### Problem statement
For this exercise, reproduce the entries below exactly, but only from the line containing "J Crew Womens" through the line containing "Lambskin Quilted Jewelry Case Black", both included.

### Provided material
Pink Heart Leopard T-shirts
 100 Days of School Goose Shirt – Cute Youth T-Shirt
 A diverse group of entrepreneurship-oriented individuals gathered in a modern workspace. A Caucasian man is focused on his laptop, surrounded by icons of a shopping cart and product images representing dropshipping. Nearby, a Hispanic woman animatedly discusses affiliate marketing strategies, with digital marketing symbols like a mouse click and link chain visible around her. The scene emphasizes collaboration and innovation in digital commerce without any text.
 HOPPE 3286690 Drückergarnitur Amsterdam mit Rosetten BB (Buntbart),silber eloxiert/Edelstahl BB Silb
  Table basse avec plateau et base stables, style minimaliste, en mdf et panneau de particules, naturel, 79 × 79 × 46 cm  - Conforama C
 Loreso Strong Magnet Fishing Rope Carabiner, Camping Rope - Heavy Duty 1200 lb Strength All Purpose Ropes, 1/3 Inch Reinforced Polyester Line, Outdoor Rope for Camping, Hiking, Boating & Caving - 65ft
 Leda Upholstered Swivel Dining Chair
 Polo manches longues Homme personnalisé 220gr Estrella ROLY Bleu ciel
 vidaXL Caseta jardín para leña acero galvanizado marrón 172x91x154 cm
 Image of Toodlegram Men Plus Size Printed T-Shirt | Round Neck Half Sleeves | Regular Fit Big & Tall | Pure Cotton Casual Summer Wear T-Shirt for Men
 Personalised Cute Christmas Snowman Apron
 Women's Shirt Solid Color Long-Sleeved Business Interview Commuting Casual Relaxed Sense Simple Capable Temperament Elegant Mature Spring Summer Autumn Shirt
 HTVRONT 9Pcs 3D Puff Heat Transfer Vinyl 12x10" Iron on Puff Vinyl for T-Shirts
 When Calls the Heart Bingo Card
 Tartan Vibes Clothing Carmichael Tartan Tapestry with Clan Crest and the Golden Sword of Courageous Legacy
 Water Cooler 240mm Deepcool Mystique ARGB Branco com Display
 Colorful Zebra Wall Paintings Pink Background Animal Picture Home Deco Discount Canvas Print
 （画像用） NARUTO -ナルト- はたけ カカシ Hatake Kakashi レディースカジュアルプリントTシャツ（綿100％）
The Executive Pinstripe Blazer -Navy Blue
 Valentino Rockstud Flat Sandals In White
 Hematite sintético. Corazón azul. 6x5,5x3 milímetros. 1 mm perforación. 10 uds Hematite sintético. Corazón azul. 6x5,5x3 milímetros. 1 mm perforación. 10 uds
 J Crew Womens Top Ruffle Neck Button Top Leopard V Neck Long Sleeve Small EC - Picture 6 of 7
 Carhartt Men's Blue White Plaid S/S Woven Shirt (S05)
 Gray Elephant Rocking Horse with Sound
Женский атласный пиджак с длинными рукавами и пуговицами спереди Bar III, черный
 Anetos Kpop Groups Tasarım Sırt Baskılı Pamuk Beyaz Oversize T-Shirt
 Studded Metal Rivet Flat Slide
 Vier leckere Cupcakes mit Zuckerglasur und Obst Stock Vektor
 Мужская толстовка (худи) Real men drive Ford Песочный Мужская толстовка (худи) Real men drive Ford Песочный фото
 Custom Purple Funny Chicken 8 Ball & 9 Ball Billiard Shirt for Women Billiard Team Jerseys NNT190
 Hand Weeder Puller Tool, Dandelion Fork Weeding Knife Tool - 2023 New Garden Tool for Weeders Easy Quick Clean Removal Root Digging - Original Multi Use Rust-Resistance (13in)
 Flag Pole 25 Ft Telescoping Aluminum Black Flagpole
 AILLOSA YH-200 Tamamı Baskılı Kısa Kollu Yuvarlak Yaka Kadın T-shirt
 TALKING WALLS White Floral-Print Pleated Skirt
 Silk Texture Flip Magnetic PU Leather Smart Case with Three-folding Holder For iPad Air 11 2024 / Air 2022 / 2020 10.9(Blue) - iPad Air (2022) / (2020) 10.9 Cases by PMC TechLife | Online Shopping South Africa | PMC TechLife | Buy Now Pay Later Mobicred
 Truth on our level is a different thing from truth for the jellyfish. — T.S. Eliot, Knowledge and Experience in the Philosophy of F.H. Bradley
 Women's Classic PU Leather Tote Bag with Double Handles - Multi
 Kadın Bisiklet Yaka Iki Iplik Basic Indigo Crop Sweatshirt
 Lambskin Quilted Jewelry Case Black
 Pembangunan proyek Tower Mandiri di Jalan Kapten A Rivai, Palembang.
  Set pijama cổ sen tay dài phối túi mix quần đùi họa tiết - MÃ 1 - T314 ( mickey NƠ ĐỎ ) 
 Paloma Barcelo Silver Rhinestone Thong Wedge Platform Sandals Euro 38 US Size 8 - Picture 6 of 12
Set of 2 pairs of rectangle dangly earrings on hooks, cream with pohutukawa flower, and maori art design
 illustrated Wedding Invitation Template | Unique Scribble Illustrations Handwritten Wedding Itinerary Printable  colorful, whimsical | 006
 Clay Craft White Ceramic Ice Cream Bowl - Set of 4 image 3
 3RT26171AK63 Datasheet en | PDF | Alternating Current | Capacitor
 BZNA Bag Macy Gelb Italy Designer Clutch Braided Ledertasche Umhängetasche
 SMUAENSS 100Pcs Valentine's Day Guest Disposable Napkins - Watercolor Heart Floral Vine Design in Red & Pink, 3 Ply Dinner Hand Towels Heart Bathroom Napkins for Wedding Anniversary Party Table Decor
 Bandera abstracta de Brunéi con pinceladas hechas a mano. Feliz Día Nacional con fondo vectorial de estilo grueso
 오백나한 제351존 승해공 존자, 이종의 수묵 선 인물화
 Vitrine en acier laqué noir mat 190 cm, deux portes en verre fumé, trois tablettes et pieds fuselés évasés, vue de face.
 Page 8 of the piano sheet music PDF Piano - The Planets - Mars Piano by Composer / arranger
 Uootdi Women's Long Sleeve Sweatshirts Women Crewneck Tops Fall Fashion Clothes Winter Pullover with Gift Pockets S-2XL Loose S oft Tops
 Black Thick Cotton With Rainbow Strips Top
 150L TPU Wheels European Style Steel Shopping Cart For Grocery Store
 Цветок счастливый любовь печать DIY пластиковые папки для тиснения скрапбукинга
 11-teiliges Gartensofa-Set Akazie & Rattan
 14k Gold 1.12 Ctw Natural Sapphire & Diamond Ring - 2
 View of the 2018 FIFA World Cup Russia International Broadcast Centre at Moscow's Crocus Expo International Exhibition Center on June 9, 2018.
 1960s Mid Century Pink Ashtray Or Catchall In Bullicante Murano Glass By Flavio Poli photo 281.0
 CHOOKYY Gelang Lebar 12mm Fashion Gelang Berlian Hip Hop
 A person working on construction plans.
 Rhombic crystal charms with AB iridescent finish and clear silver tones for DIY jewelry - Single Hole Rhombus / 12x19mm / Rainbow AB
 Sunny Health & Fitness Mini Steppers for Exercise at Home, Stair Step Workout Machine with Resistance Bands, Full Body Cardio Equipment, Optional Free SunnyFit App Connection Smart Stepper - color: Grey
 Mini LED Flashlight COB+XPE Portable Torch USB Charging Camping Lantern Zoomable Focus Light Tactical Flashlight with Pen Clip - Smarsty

### Response
 J Crew Womens Top Ruffle Neck Button Top Leopard V Neck Long Sleeve Small EC - Picture 6 of 7
 Carhartt Men's Blue White Plaid S/S Woven Shirt (S05)
 Gray Elephant Rocking Horse with Sound
Женский атласный пиджак с длинными рукавами и пуговицами спереди Bar III, черный
 Anetos Kpop Groups Tasarım Sırt Baskılı Pamuk Beyaz Oversize T-Shirt
 Studded Metal Rivet Flat Slide
 Vier leckere Cupcakes mit Zuckerglasur und Obst Stock Vektor
 Мужская толстовка (худи) Real men drive Ford Песочный Мужская толстовка (худи) Real men drive Ford Песочный фото
 Custom Purple Funny Chicken 8 Ball & 9 Ball Billiard Shirt for Women Billiard Team Jerseys NNT190
 Hand Weeder Puller Tool, Dandelion Fork Weeding Knife Tool - 2023 New Garden Tool for Weeders Easy Quick Clean Removal Root Digging - Original Multi Use Rust-Resistance (13in)
 Flag Pole 25 Ft Telescoping Aluminum Black Flagpole
 AILLOSA YH-200 Tamamı Baskılı Kısa Kollu Yuvarlak Yaka Kadın T-shirt
 TALKING WALLS White Floral-Print Pleated Skirt
 Silk Texture Flip Magnetic PU Leather Smart Case with Three-folding Holder For iPad Air 11 2024 / Air 2022 / 2020 10.9(Blue) - iPad Air (2022) / (2020) 10.9 Cases by PMC TechLife | Online Shopping South Africa | PMC TechLife | Buy Now Pay Later Mobicred
 Truth on our level is a different thing from truth for the jellyfish. — T.S. Eliot, Knowledge and Experience in the Philosophy of F.H. Bradley
 Women's Classic PU Leather Tote Bag with Double Handles - Multi
 Kadın Bisiklet Yaka Iki Iplik Basic Indigo Crop Sweatshirt
 Lambskin Quilted Jewelry Case Black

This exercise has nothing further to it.